▸ **Requirement**
Everything from the line holding "A Room with a View" through the final line of the records is to be transcribed exactly, except pictures, and nothing beyond that.

------------

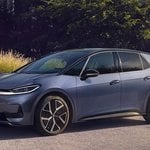 volkswagen-id-3-Neo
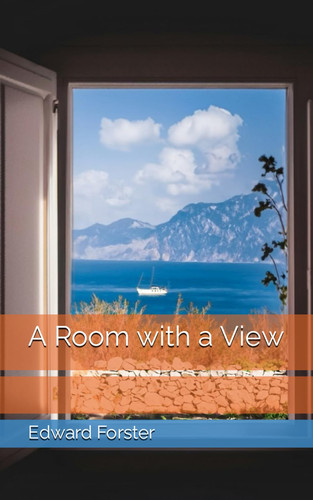 A Room with a View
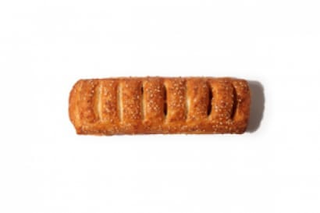 XL hot-dog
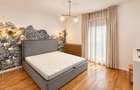 Vilă 6 camere | Catted Residence | Rond OMV Pipera | 220 mp - 12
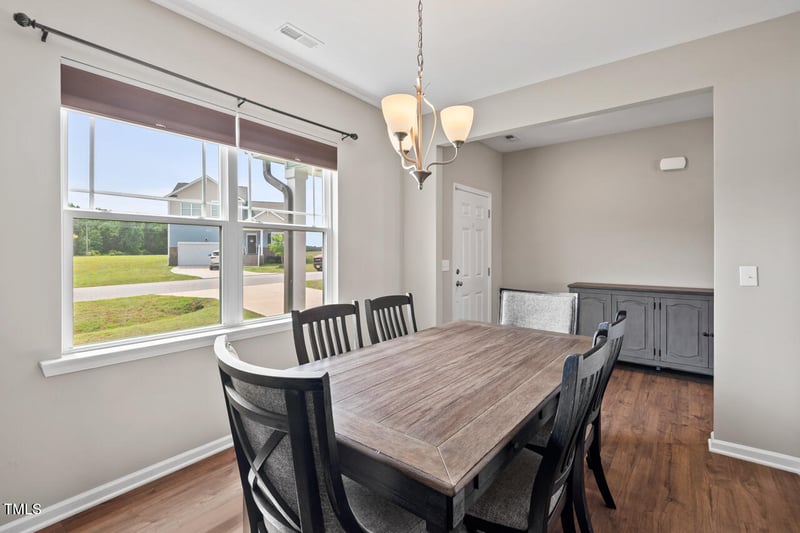 328 Avery Meadows Dr, Smithfield, NC 27577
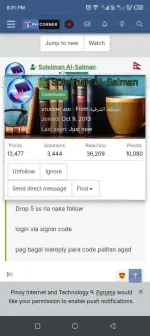 Screenshot_20250215-200107.webp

------------

▸ **Reply**
 A Room with a View
 XL hot-dog
 Vilă 6 camere | Catted Residence | Rond OMV Pipera | 220 mp - 12
 328 Avery Meadows Dr, Smithfield, NC 27577
 Screenshot_20250215-200107.webp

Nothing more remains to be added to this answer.